Shizka

ラストエンペラーのShizkaのネタバレレビュー・内容・結末

ラストエンペラー(1987年製作の映画)
4.2

このレビューはネタバレを含みます

中国最後の皇帝、溥儀の一生ってこんなに波瀾万丈だったのか。

西太后から勝手な指名を受けて3歳で即位。出たくても出られず、周りは共和国になっていくのに紫禁城だけは変わらないまま。紫禁城から追放した日本から呼び戻されて再び皇帝になるという傀儡が、とても悲しい。

彼の幸せだったのは乳母がそばにいた頃だけだったのだろうか。果ては便所掃除までさせられてそれでも生きていく彼は、したたかではなく、ただ主体性がないのだろう。

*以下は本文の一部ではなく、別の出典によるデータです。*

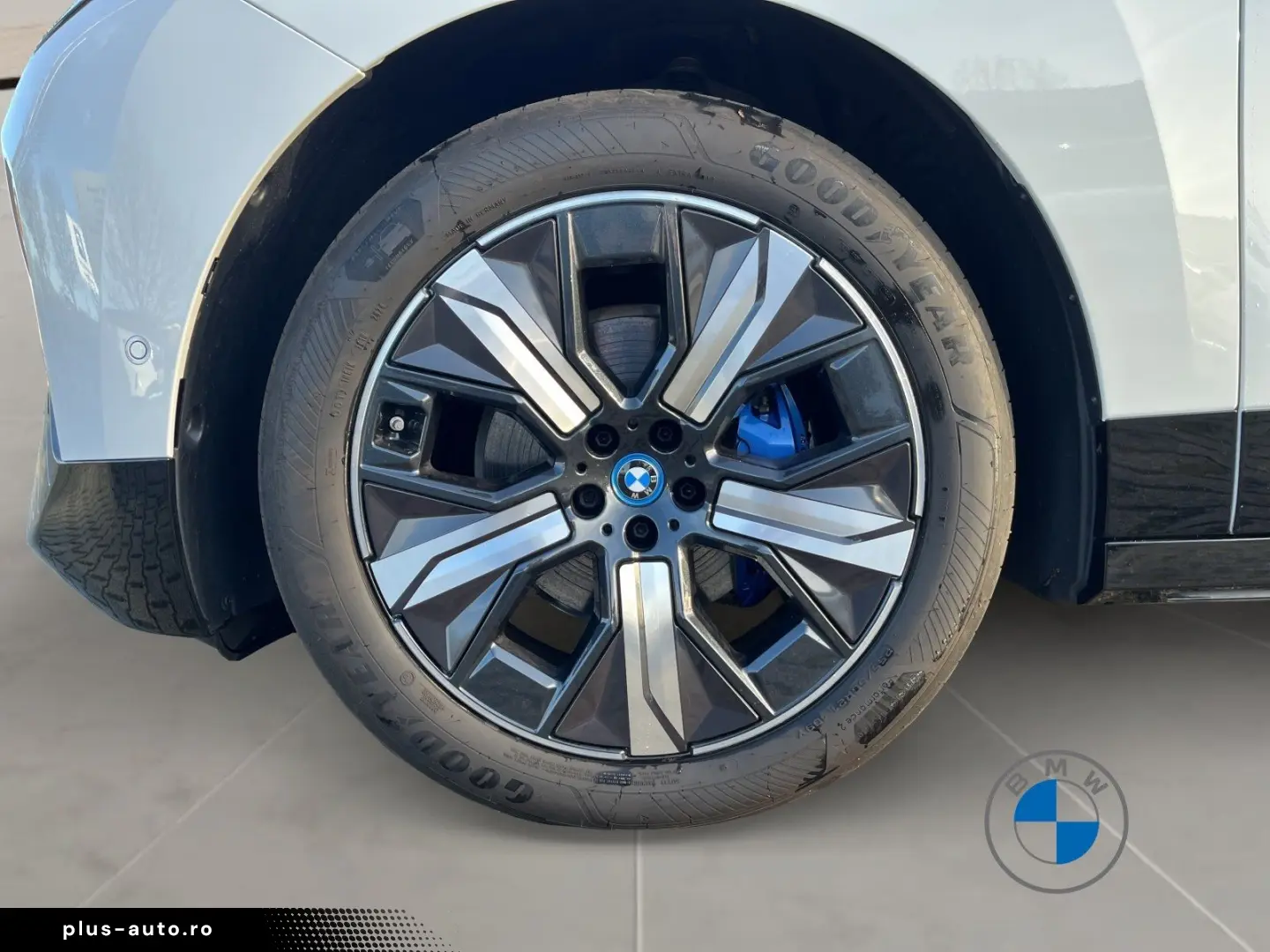 BMW iX xDrive40 Sportpaket DA  LC Prof. Komfortzugan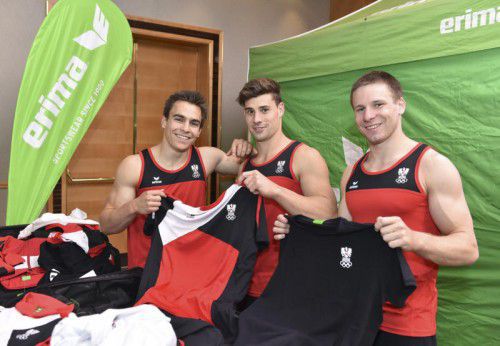 VIENNA,AUSTRIA,30.MAY.15 - OLYMPICS - OEOC, official equipping for the European Games in Baku. Image shows Vincenz Johann Hoeck, Fabian Leimlehner and Matthias Schwab (AUT).
Photo: GEPA pictures/ Martin Hoermandinger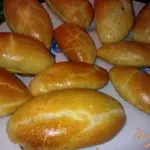 Пирожки с карамелизованным луком и яйцом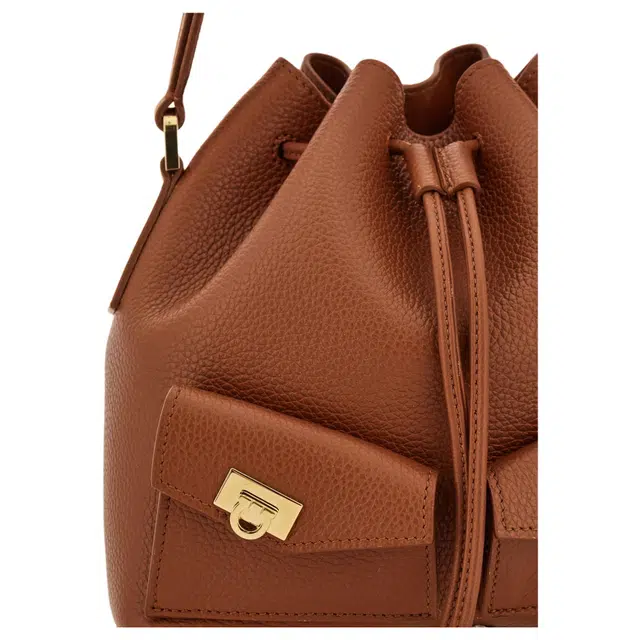 FERRAGAMO Hug
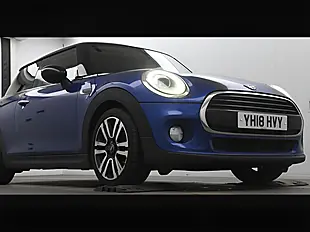 Used 2018 MINI Hatch Cooper Starlight Blue - Interior and Exterior details 5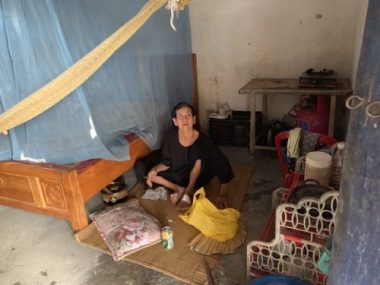 Cụ bà đơn độc có 6 chiếc chum sứt sẹo như câu chuyện lạ...! - 4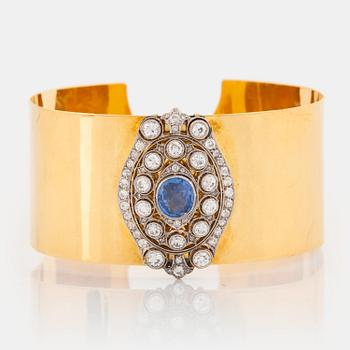 464A. An 18K gold and platinum bracelet set with a faceted sapphire and round brilliant-, eight- and rose-cut diamonds.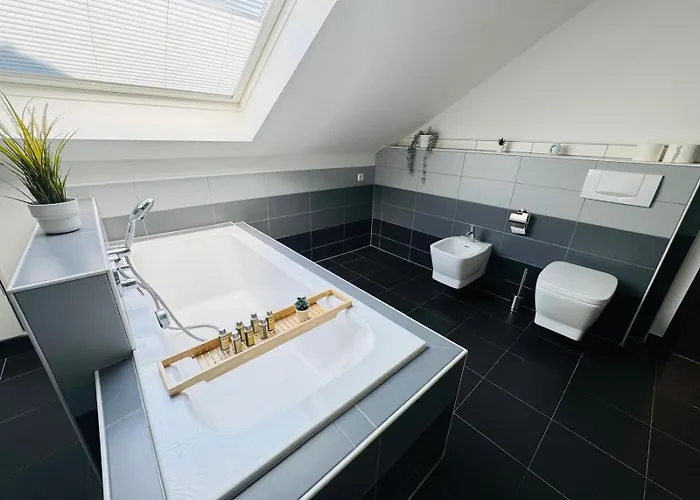 23-schoener Wohnen, Grosses Fuer 5-6 Personen In Super Lage *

刑務所の所長の解放を嘆願した以外に、彼が自分から行動したことがあっただろうか。流れ流れて、最後は紫禁城で幕。いつも誰かの意のままに起動しなければならなかった彼はそれ以外の生き方を知らなかったように思える。

何を望んでも叶うことのない彼の一生が、憐憫を催したよ。こんな人生ってあるのかよ、、

彼の一生の間に中国も変わりすぎるほど変わっていて、完全に時の流れが止まっていた紫禁城と、共産主義でいきなり活動的になった女性の対比、すごかった。簡単に違う色に染まる、これも激動の時代にしかありえないことか。

映画というよりも、感情たっぷりの歴史ドキュメンタリーを見た、という感じ。いつまでも心に残る、操り人形のドキュメンタリーだ。